_WHAT TO DO:_
Copy the closing run of lines, from the one with "Toyota Land Cruiser" through the last line of the listing, exactly and without any pictures.

_INFORMATION PROVIDED:_
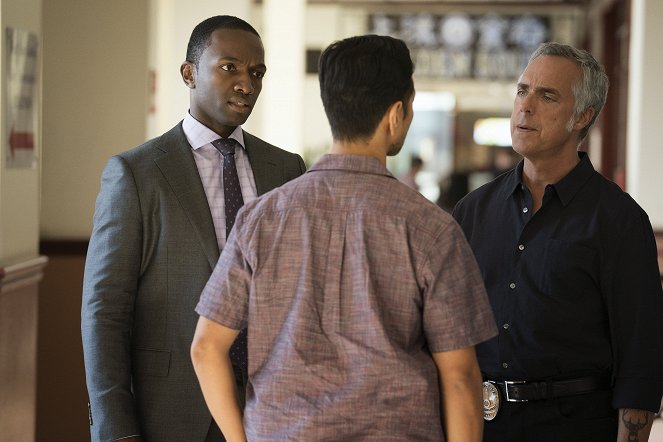 Bosch - The Wine of Youth - Photos - Jamie Hector, Titus Welliver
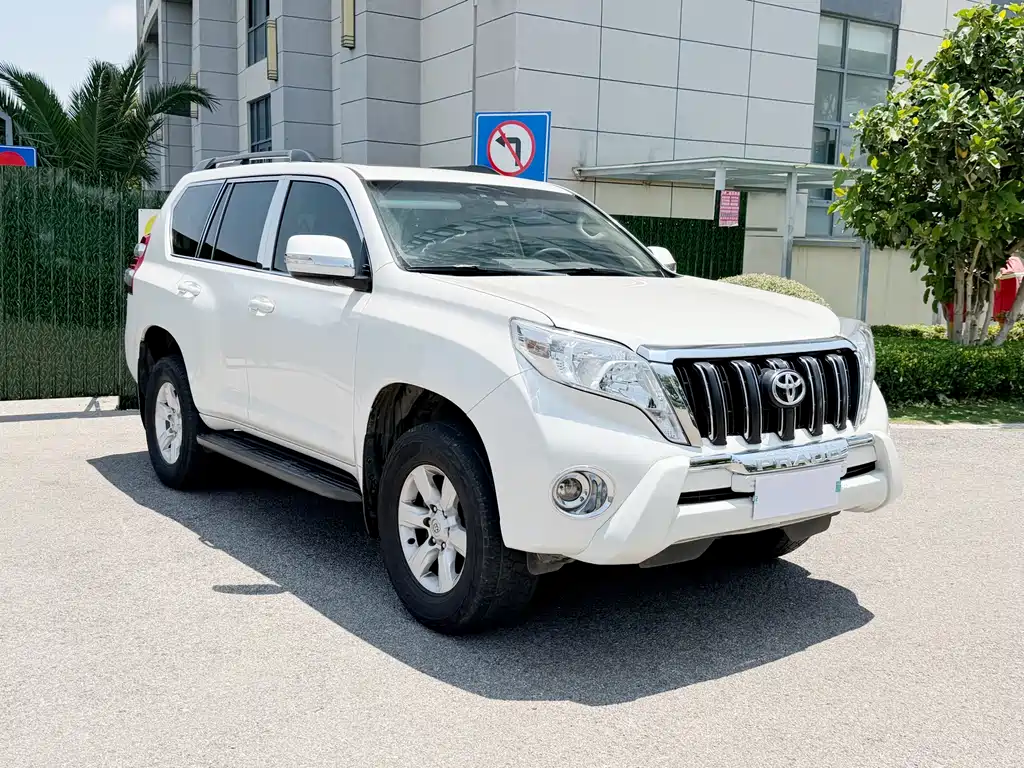 Toyota Land Cruiser Prado 2014 2.7L AT Standard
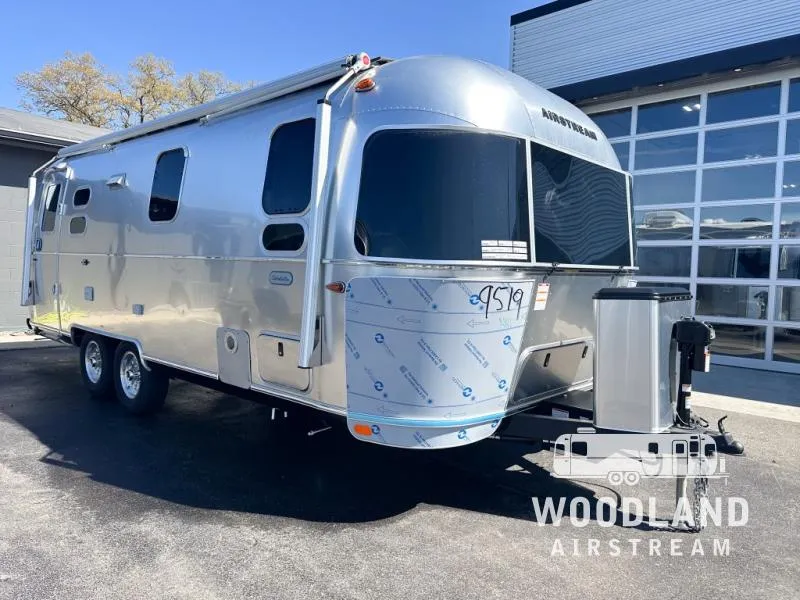 2026 Airstream Globetrotter 25FB - Photo 2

_FINAL ANSWER:_
 Toyota Land Cruiser Prado 2014 2.7L AT Standard
 2026 Airstream Globetrotter 25FB - Photo 2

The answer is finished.